Making Superman and Wonder Woman DC’s definitive power couple was a controversial move on the publisher’s part, since longtime fans could hardly imagine Superman with anyone but Lois Lane. (Those two haven’t been an item since DC revived the characters in 2011.)

“The nice thing is, once people started reading the book, all of that died away, which is exactly the reaction you want,” says Soule. “I was thrilled to delve into their relationship in a new way.”

When Marvel asked him to write The Death of Wolverine, he jumped at the chance.

“Getting a chance to write a final chapter in the fictional life of a gigantic character like Wolverine doesn’t come around every day,” he says.
“I was thrilled to do it.”

Of course, even though Marvel had been building up to Wolverine’s death for two years (he lost his healing factor, which had made him virtually immortal), the process of killing off a once-unkillable character felt somewhat surreal to Soule. And the way Wolverine died—a molten metal alloy was dumped on him, suffocating him—elicited angry blowback from fans, who wanted him to go out in a blaze of glory. Soule was OK with that.

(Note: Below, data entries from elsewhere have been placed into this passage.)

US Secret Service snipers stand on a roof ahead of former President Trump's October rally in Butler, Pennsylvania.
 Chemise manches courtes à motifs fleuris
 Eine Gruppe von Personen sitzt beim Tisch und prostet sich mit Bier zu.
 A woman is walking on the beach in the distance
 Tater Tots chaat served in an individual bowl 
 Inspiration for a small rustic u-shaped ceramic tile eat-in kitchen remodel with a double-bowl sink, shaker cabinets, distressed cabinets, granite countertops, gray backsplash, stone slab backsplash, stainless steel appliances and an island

“I’m not sure why you would want to please everyone in any case,” he says. “There was no way to do a story like that and make every Wolverine fan happy—I mean, their guy is going away for a while.” (Read into that phrasing what you will.) “Unhappiness is part of the equation,” Soule adds. “But this Wolverine fan was very happy with that story.”

A Milwaukee native, Soule grew up reading comic books, most notably DC’s Batman: The Dark Knight Returns, The Sandman, Swamp Thing, and his all-time favorite, Preacher.

“I try to read a bit of pretty much everything,” he says, “and I read a lot of what I love.”

In March’s final issue of Swamp Thing, Soule brought his love for Swamp Thing and his love for his alma mater together in a most dramatic way. At the urging of his friend David Toccafondi C’95 CGS’02, coordinator of the Vitale Digital Media Lab at Van Pelt Library, Soule didn’t just pit Swamp Thing against the Machine Queen’s evil forces. He also set the scene in Van Pelt.

“I had suggested to him for a while that Swamp Thing should pay a visit to Van Pelt Library,” says Toccafondi. “It was fantastic! I knew it was his last issue, and the fact that [it was set in the library] was great. I’m a big Swamp Thing fan—I have a statue in my office—and a big Charles fan.”

Soule’s wide-ranging interests were evident during his undergraduate years at Penn, where he majored in Asian and Middle Eastern studies with a focus on Chinese history and language, and minored in music composition.

After graduating from Columbia University Law School in 2000, Soule spent a few years working for different law firms before hanging out his shingle in Brooklyn in 2004. He specializes in immigration law, although he’s been trained in business and transactional law.

“I still practice law, in part because it’s a business I built myself—I’m proud of it, and I like my clients very much,” he says. “Immigration is an area of law where you can directly influence peoples’ lives—say through obtaining a marriage-based green card so a couple can be together—and I enjoy that. Writing is wonderful, too, of course, but law is certainly not drudgery for me. When I got out of law school I knew I wanted to keep on with creative work. Writing—which eventually became my current comics work—seemed like a great way to do that.”

He broke into comics over a period of five years through networking and persistence. His first professional work was his graphic novel Strongman (SLG Publishing).

“While it wasn’t a gigantic success commercially, it had just enough impact to get me through a few doors that had been previously closed to me,” he says. “Each project leads to the next, if you do it right.”

One of those doors was at Image Comics, which gave him the opportunity to write Twenty-Seven—a project he describes as “House of Cards meets Alien, more or less.” In it, the president of the United States learns that the previous administration knew about an alien presence and covered it up. Now he’s got to deal with it.

“It was right around the time of the last space-shuttle launch,” says Soule. “I was frustrated that the US had discontinued manned space exploration, and started thinking about what might get us back out there. The idea came to me that the discovery of aliens in the asteroid belt would probably do it.”

Twenty-Seven has been optioned by the SyFy Channel for a TV series, though that’s as far as it’s gotten.

“It’ll appear when it appears,” says Soule. “TV and film move at their own speed—but seeing [these characters] on a screen of any size would be great.”

Currently, Soule is writing two comics for Marvel: She-Hulk and Inhuman.

Being a lawyer has helped him chronicle the adventures of She-Hulk, whose day-persona is attorney Jennifer Walters, the Hulk’s younger cousin. Marvel wanted to focus more on her in the courtroom than the battlefield.

“I’m the first lawyer to write the title, for better or for worse,” he says. “I think She-Hulk has been blessed with some incredibly strong writers before me, and each brought something wonderful to it. She-Hulk’s office happens to be located in the building in Brooklyn where I have my office. I bring a lot of my legal-world experiences to the book.”

Being a lawyer, he adds, has also sharpened his skills as an author: “I can work on a story for a long time—not stand up until it’s done—just as I might a legal brief. I like to make sure my books have an internal logic, too, and I think that comes from my legal practice as well.”

Soule makes a strong case that writing comics is the best job in the world.

“It’s a very open, creative form,” he says. “Any comic has the same gigantic imagery available to it as your biggest budget film, but it costs just a tiny fraction. So the oversight isn’t quite as draconian as it might otherwise be in a pricier art form. It’s also very merit-focused in many ways. Strong work tends to get recognized, which is nice. Plus, I grew up loving to read comics, and it seemed like a pretty plausible extrapolation that I might love making them as well.”